*WHAT IS NEEDED*:
Everything in the entries except the pictures should be copied exactly.

________________________________________

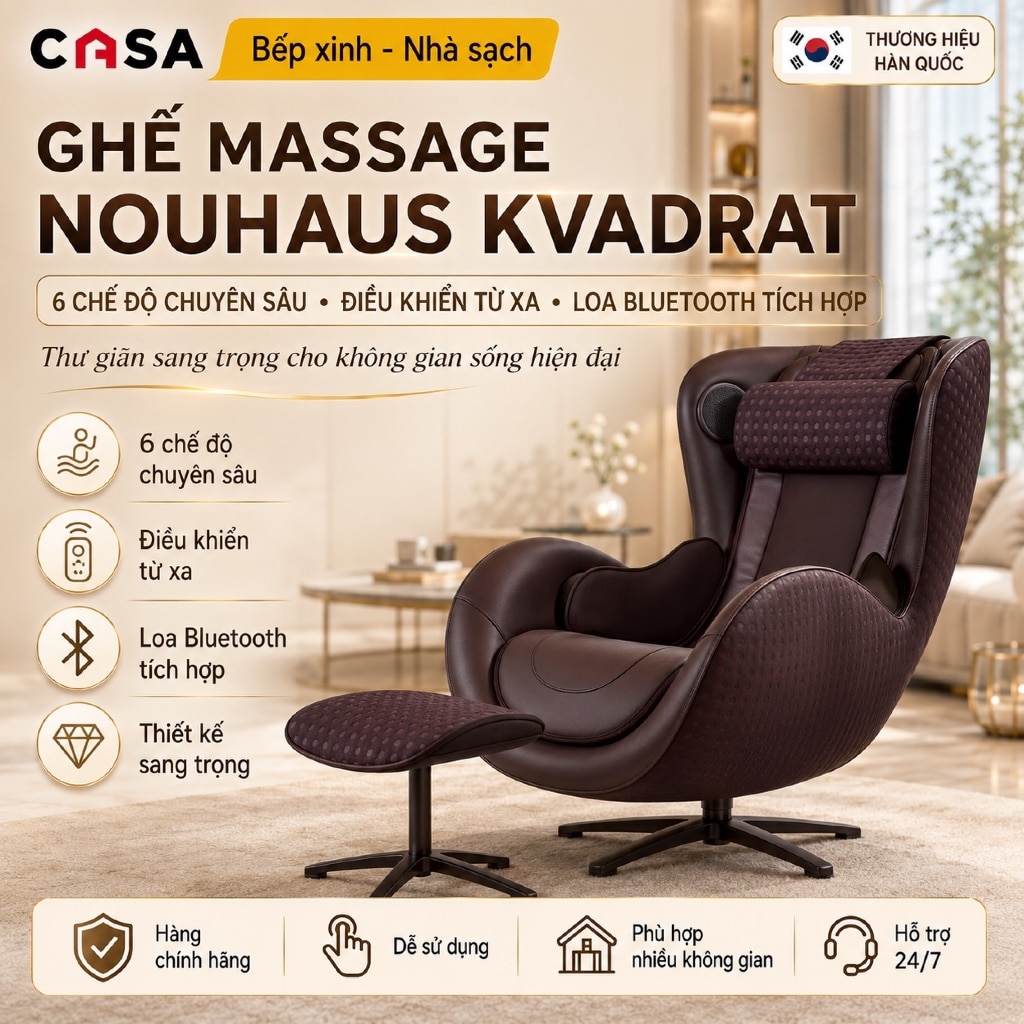Ghế Massage Toàn Thân Nouhaus Kvadrat 6 Chế Độ Chuyên Sâu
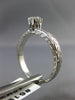 ANTIQUE .35CT ROUND DIAMOND 18KT WHITE GOLD FILIGREE CROWN ENGAGEMENT RING #6190
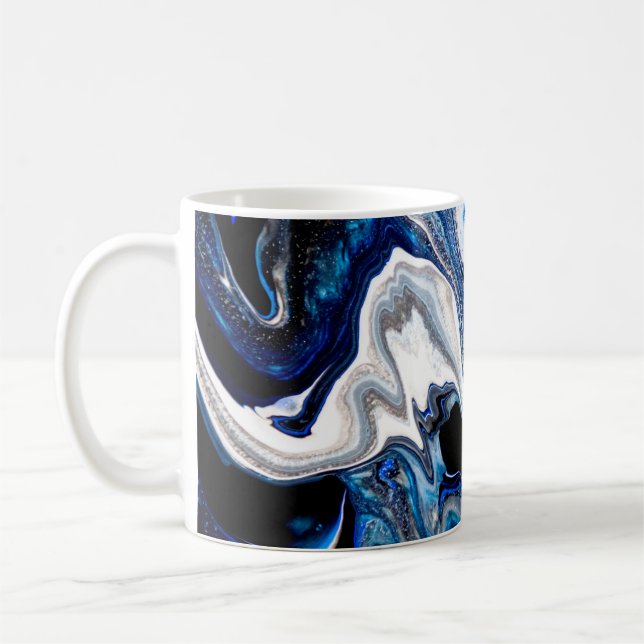 Caneca De Café textura líquida de abstrato marble em branco prate (Esquerda)
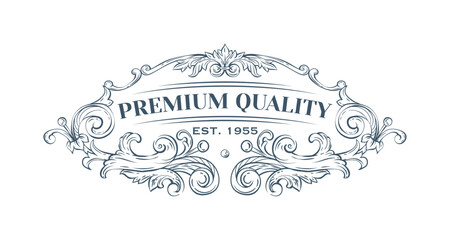 Luxury decorative vector premium quality label, rococo and baroque style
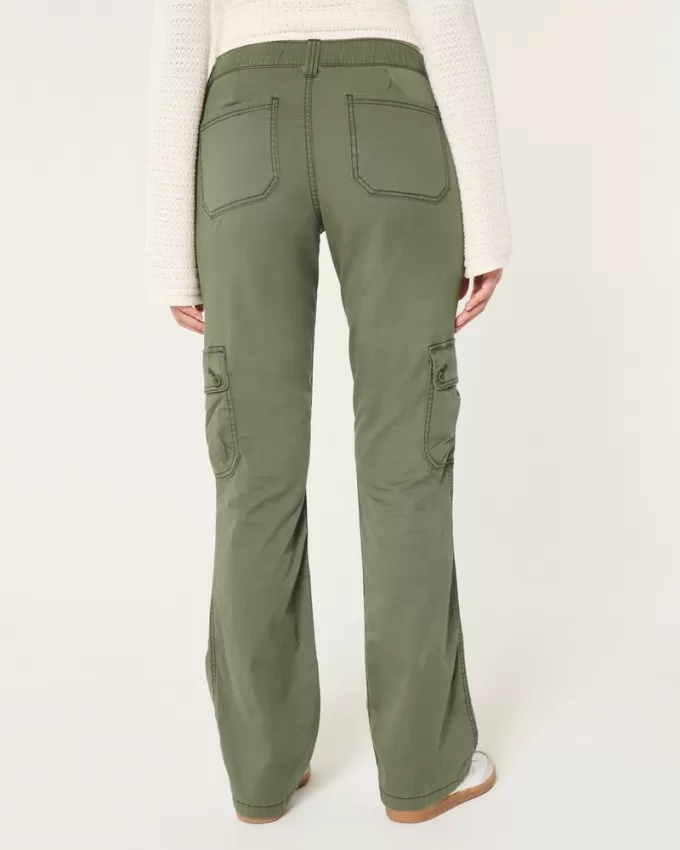 Mid-Rise Relaxed Cargo Boot Pants,Mid-Rise Relaxed Cargo Boot Pants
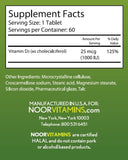 Noor Vitamins D3 tabletas 1000IU en envase listo para uso diario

________________________________________

*RESULT BELOW*:
Ghế Massage Toàn Thân Nouhaus Kvadrat 6 Chế Độ Chuyên Sâu
 ANTIQUE .35CT ROUND DIAMOND 18KT WHITE GOLD FILIGREE CROWN ENGAGEMENT RING #6190
 Caneca De Café textura líquida de abstrato marble em branco prate (Esquerda)
 Luxury decorative vector premium quality label, rococo and baroque style
 Mid-Rise Relaxed Cargo Boot Pants,Mid-Rise Relaxed Cargo Boot Pants
 Noor Vitamins D3 tabletas 1000IU en envase listo para uso diario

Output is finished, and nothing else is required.